● **Exercise aim**
Word for word, set down the entries below.

● **Input for this task**
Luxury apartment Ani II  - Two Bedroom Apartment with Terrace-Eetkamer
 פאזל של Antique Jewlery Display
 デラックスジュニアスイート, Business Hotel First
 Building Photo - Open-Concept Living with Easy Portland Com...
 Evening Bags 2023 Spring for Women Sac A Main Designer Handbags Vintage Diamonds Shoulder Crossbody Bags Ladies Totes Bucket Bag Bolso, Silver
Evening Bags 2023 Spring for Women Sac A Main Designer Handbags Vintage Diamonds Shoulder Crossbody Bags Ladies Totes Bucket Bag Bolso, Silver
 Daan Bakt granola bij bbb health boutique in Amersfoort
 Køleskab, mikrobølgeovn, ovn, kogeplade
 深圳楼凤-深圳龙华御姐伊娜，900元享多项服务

● **Answer box**
Luxury apartment Ani II  - Two Bedroom Apartment with Terrace-Eetkamer
 פאזל של Antique Jewlery Display
 デラックスジュニアスイート, Business Hotel First
 Building Photo - Open-Concept Living with Easy Portland Com...
 Evening Bags 2023 Spring for Women Sac A Main Designer Handbags Vintage Diamonds Shoulder Crossbody Bags Ladies Totes Bucket Bag Bolso, Silver
Evening Bags 2023 Spring for Women Sac A Main Designer Handbags Vintage Diamonds Shoulder Crossbody Bags Ladies Totes Bucket Bag Bolso, Silver
 Daan Bakt granola bij bbb health boutique in Amersfoort
 Køleskab, mikrobølgeovn, ovn, kogeplade
 深圳楼凤-深圳龙华御姐伊娜，900元享多项服务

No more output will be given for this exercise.